INSTRUCTIONS TO FOLLOW:
Drop the pictures and repeat exactly from the "Lululemon top" line down to the last line of the entries below.

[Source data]

-*-

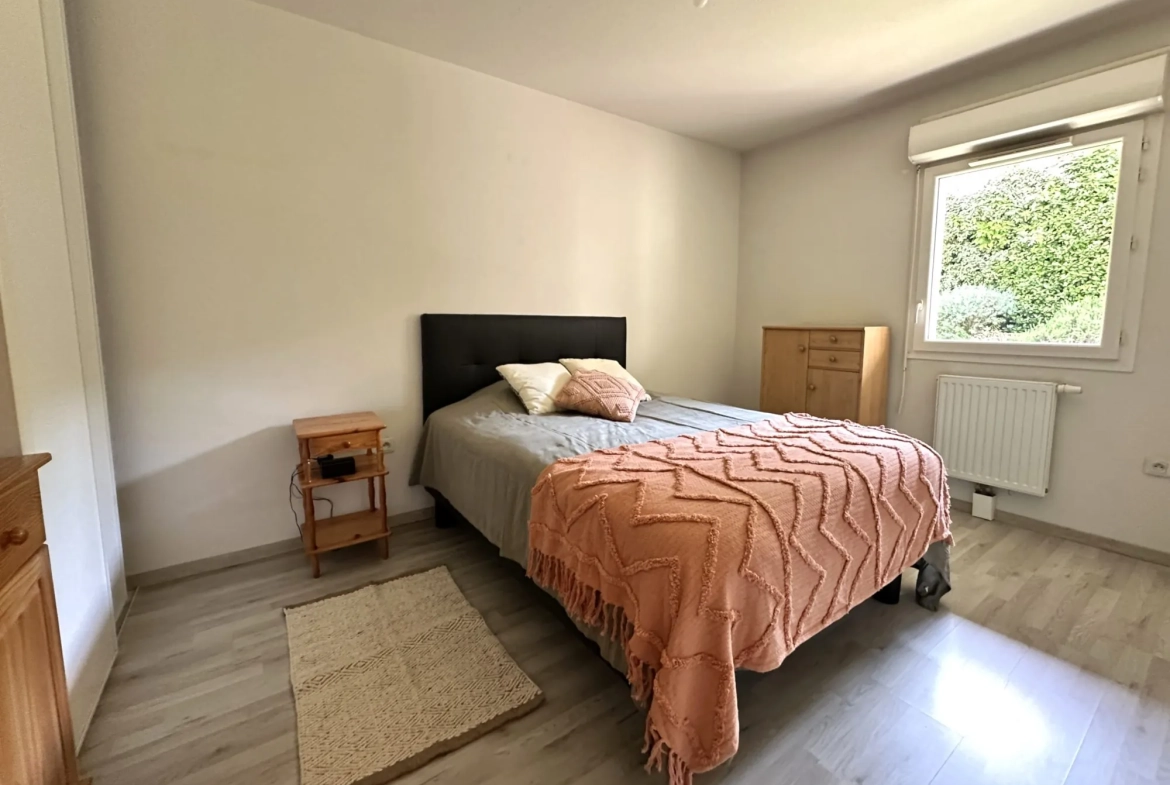 Appartement T2 au Haillan avec terrasse, parking privé, proche parc et transports 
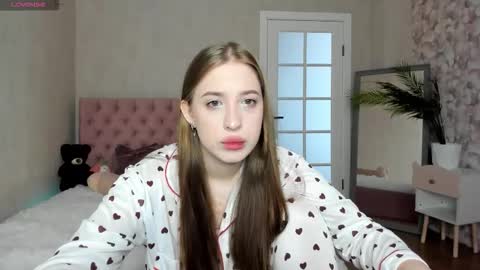 Lina online show from 09/19/25, 08:05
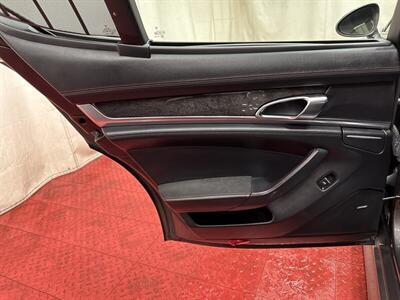2013 Porsche Panamera GTS   - Photo 23 - Laurel, MD 20724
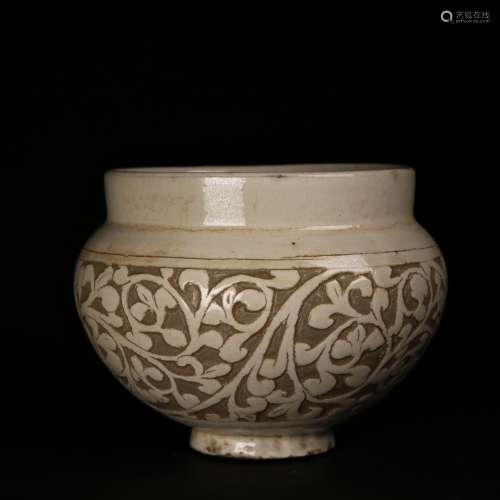 A Cizhou Porcelain Vase Carved Flowers,Song Dy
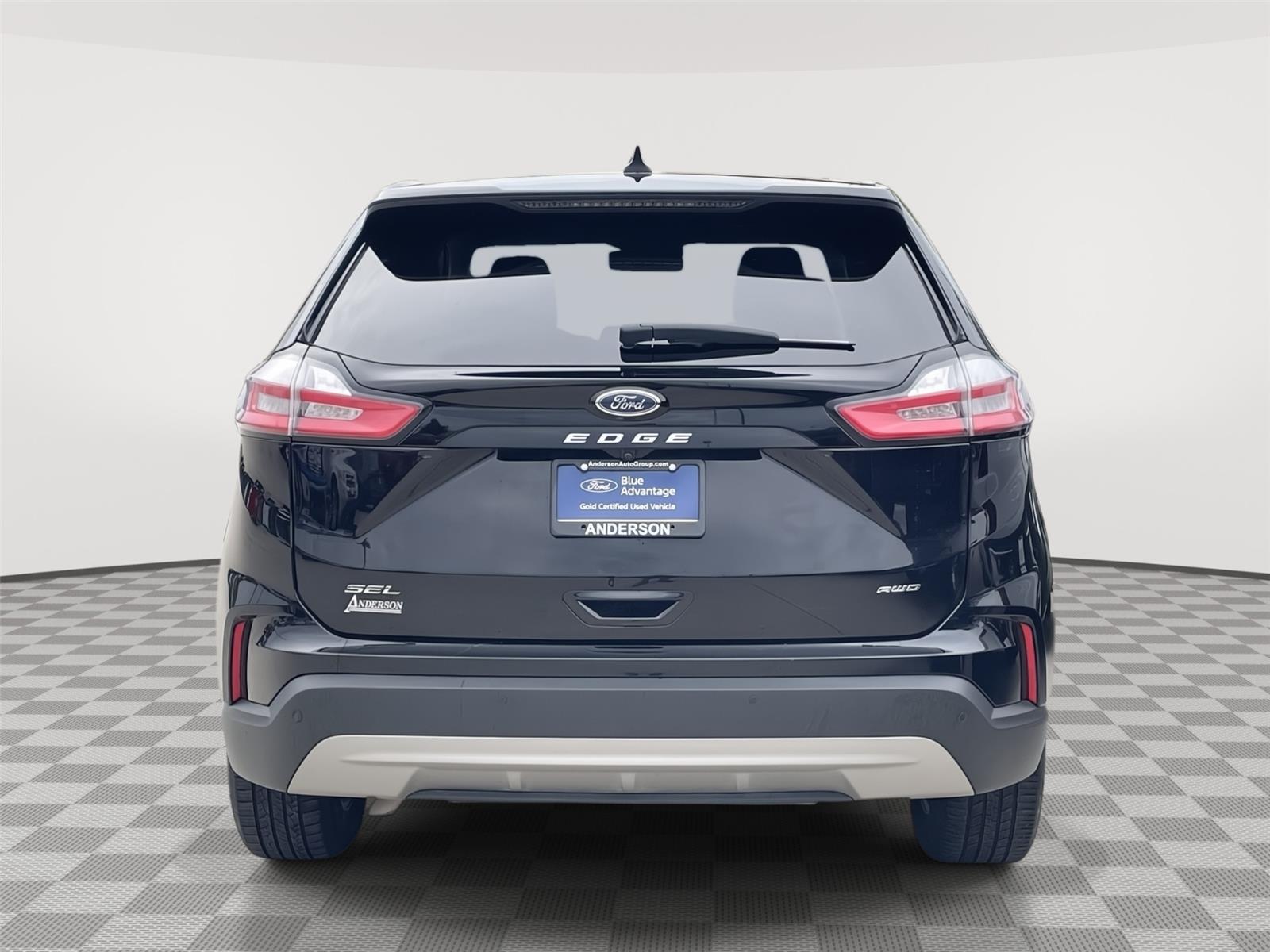 Vehicle photo 8
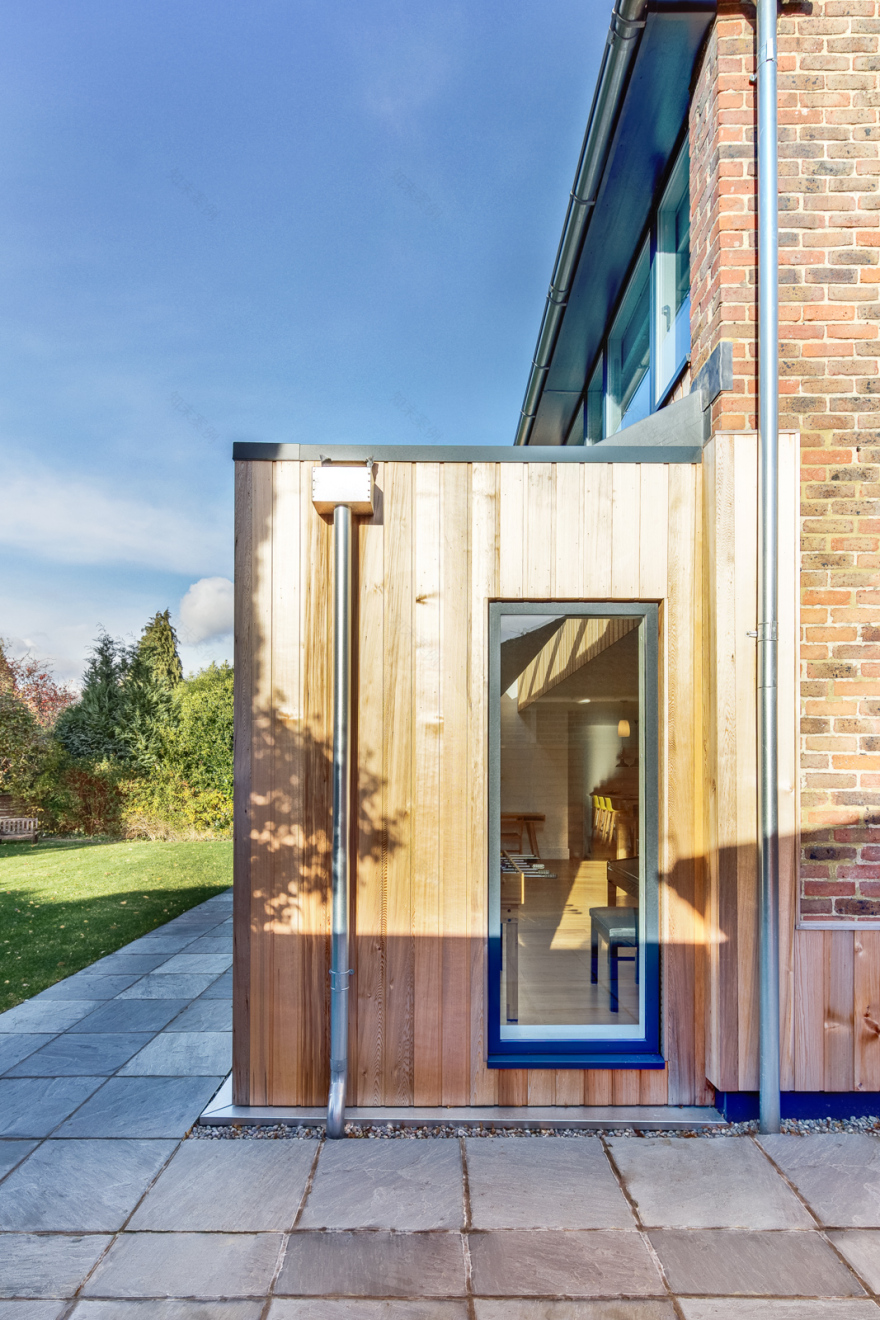 杨树路现代私宅 | 自然光与隐私控制的巧妙融合-12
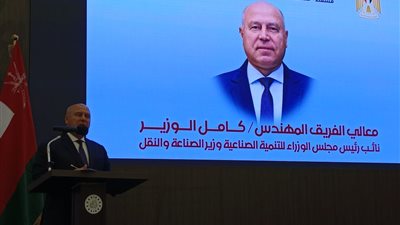 كامل الوزير: إقامة منطقة لوجستية صناعية بالقرب من محطة القطار السريع بالعاصمة الجديدة
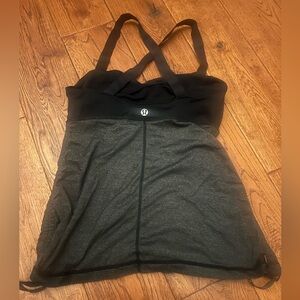 Lululemon top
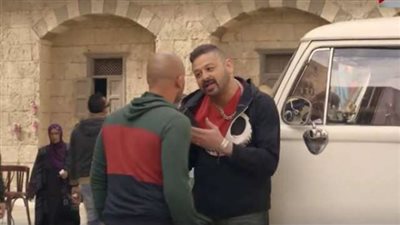 أمير شاهين يتفوق على نفسه في 'فوق السحاب'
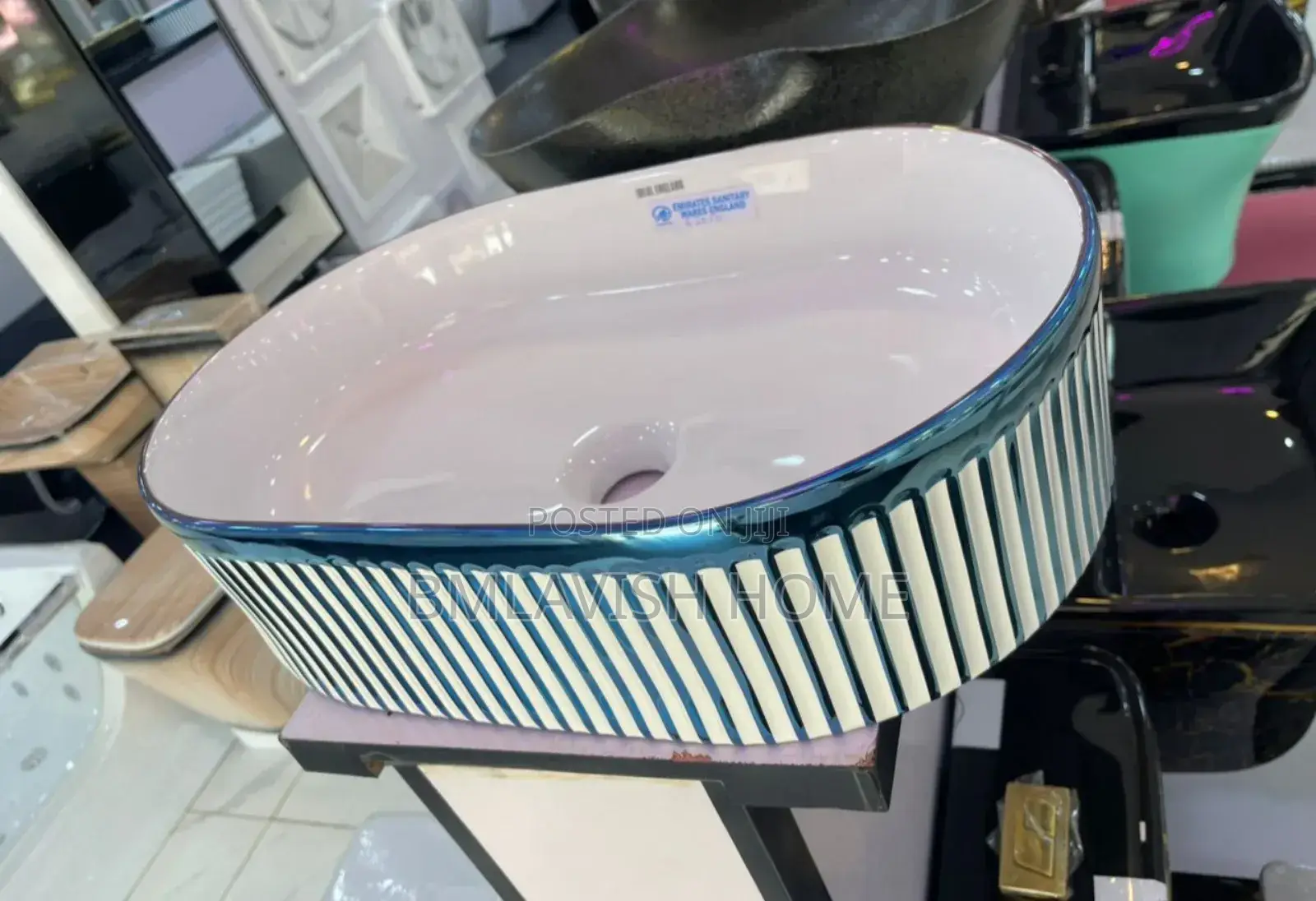 Blue and White Designed Counter Top Wash Hand Basin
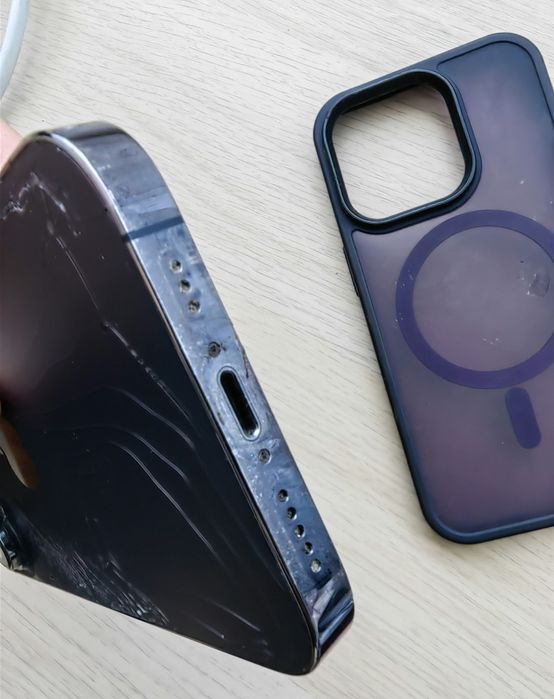 iPhone 14 Pro - 128 GB - Purple - case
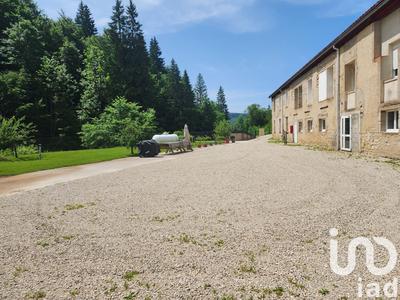 Maison - 891 m² - 15 pièces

-*-

EXERCISE OUTPUT:
 Lululemon top
 أمير شاهين يتفوق على نفسه في 'فوق السحاب'
 Blue and White Designed Counter Top Wash Hand Basin
 iPhone 14 Pro - 128 GB - Purple - case
 Maison - 891 m² - 15 pièces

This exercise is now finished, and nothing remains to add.